Python library for dataflow programming with Amazon SWF
Project description
===============================
simpleflow
===============================
.. image:: https://badge.fury.io/py/simpleflow.png
:target: http://badge.fury.io/py/simpleflow
.. image:: https://travis-ci.org/botify-labs/simpleflow.png?branch=master
:target: https://travis-ci.org/botify-labs/simpleflow
.. image:: https://pypip.in/d/simpleflow/badge.png
:target: https://crate.io/packages/simpleflow?version=latest
Simple Flow is a Python library that provides abstractions to write programs in
the `distributed dataflow paradigm
<https://en.wikipedia.org/wiki/Distributed_data_flow>`_. It relies on futures
to describe the dependencies between tasks.

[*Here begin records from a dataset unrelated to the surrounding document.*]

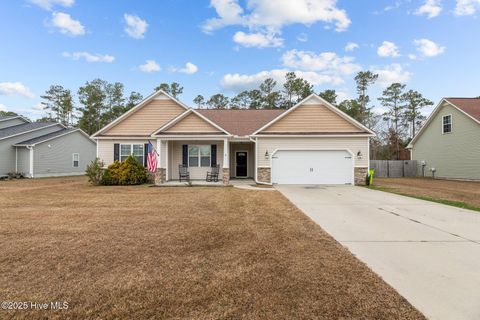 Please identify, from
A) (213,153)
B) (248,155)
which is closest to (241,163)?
(248,155)

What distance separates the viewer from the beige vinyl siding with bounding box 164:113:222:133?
1468cm

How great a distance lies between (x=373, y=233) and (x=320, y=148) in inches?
392

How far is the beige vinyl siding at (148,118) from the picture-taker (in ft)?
54.6

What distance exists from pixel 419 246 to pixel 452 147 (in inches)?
794

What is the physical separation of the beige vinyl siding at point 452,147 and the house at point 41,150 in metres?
32.1

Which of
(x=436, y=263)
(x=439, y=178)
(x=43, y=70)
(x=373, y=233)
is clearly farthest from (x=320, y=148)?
(x=43, y=70)

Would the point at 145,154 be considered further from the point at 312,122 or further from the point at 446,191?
the point at 446,191

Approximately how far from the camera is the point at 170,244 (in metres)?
4.54

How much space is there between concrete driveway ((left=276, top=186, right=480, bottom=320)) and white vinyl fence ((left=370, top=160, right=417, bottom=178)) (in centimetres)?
1606

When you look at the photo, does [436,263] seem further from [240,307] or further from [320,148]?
[320,148]

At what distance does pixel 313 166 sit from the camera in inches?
587

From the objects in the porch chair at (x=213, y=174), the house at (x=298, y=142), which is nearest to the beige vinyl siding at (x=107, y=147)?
the house at (x=298, y=142)

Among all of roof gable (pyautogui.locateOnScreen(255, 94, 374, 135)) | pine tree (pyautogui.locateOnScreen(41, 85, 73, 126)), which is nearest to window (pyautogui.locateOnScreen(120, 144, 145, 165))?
roof gable (pyautogui.locateOnScreen(255, 94, 374, 135))

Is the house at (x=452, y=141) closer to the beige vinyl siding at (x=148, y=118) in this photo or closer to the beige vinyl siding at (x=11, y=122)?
the beige vinyl siding at (x=148, y=118) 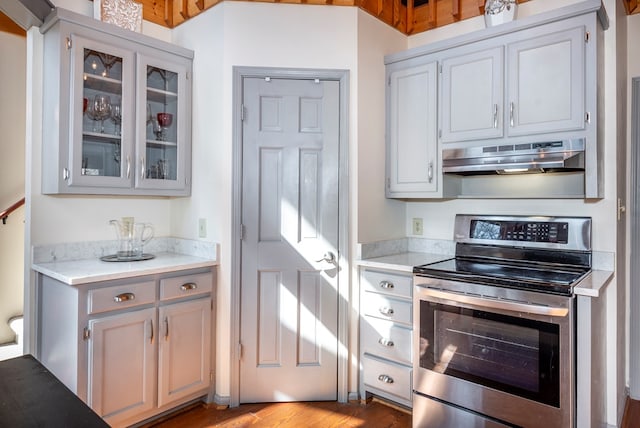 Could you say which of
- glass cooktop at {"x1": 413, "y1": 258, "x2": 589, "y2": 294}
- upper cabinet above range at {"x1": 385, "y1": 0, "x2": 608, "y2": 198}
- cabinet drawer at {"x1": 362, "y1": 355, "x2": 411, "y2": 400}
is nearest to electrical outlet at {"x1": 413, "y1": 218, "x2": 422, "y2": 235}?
upper cabinet above range at {"x1": 385, "y1": 0, "x2": 608, "y2": 198}

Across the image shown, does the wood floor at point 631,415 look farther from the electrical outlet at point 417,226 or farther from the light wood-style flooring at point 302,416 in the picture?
the electrical outlet at point 417,226

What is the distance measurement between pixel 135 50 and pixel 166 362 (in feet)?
6.13

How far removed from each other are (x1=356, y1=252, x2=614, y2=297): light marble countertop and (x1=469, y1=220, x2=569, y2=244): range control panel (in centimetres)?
26

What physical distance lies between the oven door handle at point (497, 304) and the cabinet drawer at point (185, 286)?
1298mm

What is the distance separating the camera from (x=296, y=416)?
7.88 feet

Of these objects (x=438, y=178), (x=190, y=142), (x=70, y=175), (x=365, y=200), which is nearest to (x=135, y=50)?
(x=190, y=142)

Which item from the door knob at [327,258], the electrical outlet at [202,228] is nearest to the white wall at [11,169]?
the electrical outlet at [202,228]

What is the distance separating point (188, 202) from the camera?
9.24ft

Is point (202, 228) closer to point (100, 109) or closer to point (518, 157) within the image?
point (100, 109)

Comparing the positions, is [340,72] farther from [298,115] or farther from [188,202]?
[188,202]

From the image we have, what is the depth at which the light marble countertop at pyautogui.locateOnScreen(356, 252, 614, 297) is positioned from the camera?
5.82 feet

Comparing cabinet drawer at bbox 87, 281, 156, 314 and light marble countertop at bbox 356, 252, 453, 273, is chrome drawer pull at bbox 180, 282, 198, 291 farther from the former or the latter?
light marble countertop at bbox 356, 252, 453, 273

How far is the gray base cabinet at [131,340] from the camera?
2.01 m

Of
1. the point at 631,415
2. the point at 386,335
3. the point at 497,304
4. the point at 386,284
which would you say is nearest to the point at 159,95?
the point at 386,284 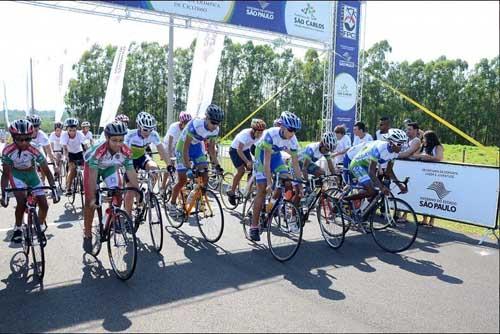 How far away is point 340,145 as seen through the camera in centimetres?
1002

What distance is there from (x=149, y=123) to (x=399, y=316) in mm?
4659

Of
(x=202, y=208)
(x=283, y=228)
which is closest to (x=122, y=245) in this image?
(x=202, y=208)

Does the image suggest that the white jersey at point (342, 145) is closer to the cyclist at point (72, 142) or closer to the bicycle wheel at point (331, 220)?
the bicycle wheel at point (331, 220)

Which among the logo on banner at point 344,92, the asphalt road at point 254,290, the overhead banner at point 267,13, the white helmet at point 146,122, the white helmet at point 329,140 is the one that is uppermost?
the overhead banner at point 267,13

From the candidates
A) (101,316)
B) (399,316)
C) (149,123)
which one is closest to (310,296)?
(399,316)

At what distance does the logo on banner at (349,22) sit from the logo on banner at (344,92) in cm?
141

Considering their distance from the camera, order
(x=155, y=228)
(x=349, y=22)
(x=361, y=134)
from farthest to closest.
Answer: (x=349, y=22) → (x=361, y=134) → (x=155, y=228)

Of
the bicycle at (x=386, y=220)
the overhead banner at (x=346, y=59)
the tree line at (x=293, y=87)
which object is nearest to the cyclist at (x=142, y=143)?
the bicycle at (x=386, y=220)

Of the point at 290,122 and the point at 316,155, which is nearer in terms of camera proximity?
the point at 290,122

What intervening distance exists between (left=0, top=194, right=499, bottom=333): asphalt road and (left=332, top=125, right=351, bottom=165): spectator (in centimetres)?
332

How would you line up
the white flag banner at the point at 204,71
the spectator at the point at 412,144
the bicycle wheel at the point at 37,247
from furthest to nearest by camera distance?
the white flag banner at the point at 204,71
the spectator at the point at 412,144
the bicycle wheel at the point at 37,247

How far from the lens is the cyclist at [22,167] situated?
18.0 ft

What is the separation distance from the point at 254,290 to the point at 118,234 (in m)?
1.82

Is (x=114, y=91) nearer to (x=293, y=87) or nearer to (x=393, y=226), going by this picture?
(x=393, y=226)
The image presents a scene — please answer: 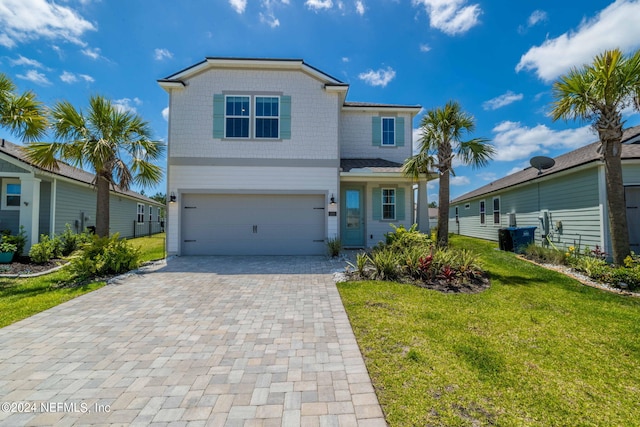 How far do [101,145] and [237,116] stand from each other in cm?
439

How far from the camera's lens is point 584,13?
8656mm

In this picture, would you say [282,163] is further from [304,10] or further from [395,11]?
[395,11]

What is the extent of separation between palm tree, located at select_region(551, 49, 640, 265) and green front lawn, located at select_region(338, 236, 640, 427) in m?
2.49

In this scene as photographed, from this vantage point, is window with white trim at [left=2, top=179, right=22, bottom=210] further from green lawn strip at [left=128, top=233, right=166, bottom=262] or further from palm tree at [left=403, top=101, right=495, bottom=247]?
palm tree at [left=403, top=101, right=495, bottom=247]

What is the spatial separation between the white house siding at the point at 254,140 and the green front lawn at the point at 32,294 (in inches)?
210

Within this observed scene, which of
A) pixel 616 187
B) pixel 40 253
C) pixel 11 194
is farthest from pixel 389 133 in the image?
pixel 11 194

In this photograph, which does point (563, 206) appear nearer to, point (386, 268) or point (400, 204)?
point (400, 204)

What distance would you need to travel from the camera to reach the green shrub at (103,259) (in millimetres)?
7195

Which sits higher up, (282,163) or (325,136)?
(325,136)

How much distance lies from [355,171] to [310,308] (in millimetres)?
6939

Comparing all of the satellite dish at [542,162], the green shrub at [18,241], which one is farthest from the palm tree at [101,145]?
the satellite dish at [542,162]

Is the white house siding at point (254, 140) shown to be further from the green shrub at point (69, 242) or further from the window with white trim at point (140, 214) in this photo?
the window with white trim at point (140, 214)

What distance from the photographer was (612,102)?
7172 mm

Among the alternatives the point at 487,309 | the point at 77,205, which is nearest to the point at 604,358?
the point at 487,309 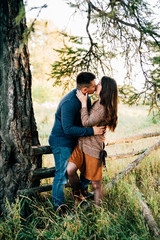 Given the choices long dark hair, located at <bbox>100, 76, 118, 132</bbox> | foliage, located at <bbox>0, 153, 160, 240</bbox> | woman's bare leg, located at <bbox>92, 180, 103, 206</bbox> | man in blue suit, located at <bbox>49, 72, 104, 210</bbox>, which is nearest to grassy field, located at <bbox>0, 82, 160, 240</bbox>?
foliage, located at <bbox>0, 153, 160, 240</bbox>

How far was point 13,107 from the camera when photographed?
2.93 m

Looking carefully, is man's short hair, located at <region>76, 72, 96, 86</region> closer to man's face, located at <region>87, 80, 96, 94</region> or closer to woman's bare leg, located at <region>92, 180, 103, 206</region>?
man's face, located at <region>87, 80, 96, 94</region>

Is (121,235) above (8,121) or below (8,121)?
below

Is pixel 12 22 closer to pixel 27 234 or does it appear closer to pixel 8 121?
pixel 8 121

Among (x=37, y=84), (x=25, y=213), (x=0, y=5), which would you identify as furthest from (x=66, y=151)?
(x=37, y=84)

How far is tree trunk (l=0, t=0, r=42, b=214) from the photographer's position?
2.85 m

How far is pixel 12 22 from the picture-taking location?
285 centimetres

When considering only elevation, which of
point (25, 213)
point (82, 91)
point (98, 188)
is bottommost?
point (25, 213)

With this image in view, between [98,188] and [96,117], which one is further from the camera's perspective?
[98,188]

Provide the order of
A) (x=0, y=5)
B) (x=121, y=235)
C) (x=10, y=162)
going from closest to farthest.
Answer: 1. (x=121, y=235)
2. (x=0, y=5)
3. (x=10, y=162)

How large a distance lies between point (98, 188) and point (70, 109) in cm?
124

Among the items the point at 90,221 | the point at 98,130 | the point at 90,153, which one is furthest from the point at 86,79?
the point at 90,221

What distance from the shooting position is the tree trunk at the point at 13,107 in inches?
112

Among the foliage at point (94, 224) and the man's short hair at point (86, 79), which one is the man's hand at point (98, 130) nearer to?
the man's short hair at point (86, 79) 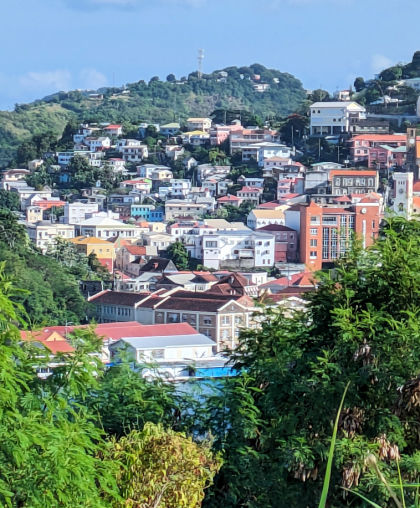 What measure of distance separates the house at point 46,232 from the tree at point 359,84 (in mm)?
16407

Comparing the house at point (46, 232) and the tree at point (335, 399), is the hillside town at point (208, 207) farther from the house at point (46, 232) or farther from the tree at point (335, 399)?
the tree at point (335, 399)

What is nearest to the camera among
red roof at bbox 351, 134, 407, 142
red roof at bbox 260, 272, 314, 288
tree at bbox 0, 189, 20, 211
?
red roof at bbox 260, 272, 314, 288

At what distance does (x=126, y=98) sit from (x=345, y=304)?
2351 inches

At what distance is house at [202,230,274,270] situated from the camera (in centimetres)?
3170

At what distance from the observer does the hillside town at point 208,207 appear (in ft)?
83.7

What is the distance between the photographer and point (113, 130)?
149 ft

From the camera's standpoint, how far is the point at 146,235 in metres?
33.5

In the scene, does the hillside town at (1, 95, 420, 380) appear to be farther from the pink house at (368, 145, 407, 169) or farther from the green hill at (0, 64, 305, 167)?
the green hill at (0, 64, 305, 167)

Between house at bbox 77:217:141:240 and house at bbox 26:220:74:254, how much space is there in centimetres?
36

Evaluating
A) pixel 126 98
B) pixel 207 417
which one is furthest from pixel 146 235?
pixel 126 98

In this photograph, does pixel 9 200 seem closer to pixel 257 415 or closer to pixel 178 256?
pixel 178 256

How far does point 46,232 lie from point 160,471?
2917 cm

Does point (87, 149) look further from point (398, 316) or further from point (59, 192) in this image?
point (398, 316)

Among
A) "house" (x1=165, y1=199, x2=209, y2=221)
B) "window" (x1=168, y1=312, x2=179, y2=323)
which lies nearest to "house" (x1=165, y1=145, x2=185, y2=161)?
"house" (x1=165, y1=199, x2=209, y2=221) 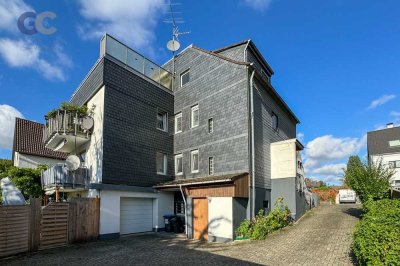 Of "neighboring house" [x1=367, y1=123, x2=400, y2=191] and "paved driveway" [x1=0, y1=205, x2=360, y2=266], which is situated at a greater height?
"neighboring house" [x1=367, y1=123, x2=400, y2=191]

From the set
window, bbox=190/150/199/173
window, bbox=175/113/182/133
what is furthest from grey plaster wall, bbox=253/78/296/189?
window, bbox=175/113/182/133

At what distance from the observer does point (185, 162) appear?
18859mm

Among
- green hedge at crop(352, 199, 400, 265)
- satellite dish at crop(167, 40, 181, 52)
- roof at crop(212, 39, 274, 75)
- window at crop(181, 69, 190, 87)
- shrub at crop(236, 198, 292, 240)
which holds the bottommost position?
shrub at crop(236, 198, 292, 240)

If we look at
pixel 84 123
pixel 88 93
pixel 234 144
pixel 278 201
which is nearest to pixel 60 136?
pixel 84 123

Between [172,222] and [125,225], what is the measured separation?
269 centimetres

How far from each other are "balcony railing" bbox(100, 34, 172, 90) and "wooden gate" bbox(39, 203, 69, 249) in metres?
8.38

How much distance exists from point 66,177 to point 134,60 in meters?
→ 7.88

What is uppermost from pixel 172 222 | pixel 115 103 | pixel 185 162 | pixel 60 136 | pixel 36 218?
pixel 115 103

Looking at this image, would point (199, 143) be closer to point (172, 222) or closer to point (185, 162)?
point (185, 162)

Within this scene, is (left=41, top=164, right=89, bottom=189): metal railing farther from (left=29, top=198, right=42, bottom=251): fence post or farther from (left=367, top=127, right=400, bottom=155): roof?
(left=367, top=127, right=400, bottom=155): roof

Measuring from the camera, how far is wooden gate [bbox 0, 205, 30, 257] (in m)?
11.0

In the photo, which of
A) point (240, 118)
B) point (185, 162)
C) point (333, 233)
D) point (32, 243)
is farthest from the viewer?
point (185, 162)

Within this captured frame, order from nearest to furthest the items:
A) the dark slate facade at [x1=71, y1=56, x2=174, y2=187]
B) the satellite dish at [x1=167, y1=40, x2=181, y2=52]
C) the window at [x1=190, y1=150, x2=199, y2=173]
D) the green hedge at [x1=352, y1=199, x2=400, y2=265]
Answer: the green hedge at [x1=352, y1=199, x2=400, y2=265], the dark slate facade at [x1=71, y1=56, x2=174, y2=187], the window at [x1=190, y1=150, x2=199, y2=173], the satellite dish at [x1=167, y1=40, x2=181, y2=52]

It coordinates the execution of
distributed tasks with Amazon `SWF <https://aws.amazon.com/swf/>`_.
A ``Future`` object models the asynchronous execution of a computation that may
end.
It tries to mimics the interface of the Python `concurrent.futures
<http://docs.python.org/3/library/concurrent.futures>`_ library.
Features
--------
- Provides a ``Future`` abstraction to define dependencies between tasks.
- Define asynchronous tasks from callables.
- Handle workflows with Amazon SWF.
- Implement replay behavior like the Amazon Flow framework.
- Handle retry of tasks that failed.
- Automatically register decorated tasks.
- Handle the completion of a decision with more than 100 tasks.
- Provides a local executor to check a workflow without Amazon SWF (see
``simpleflow --local`` command).
- Provides decider and activity worker process for execution with Amazon SWF.
- Ships with the `simpleflow` command. `simpleflow --help` for more information
about the commands it supports.
Quickstart
----------
Let's take a simple example that computes the result of ``(x + 1) * 2``. You
will find this example in ``examples/basic.py``.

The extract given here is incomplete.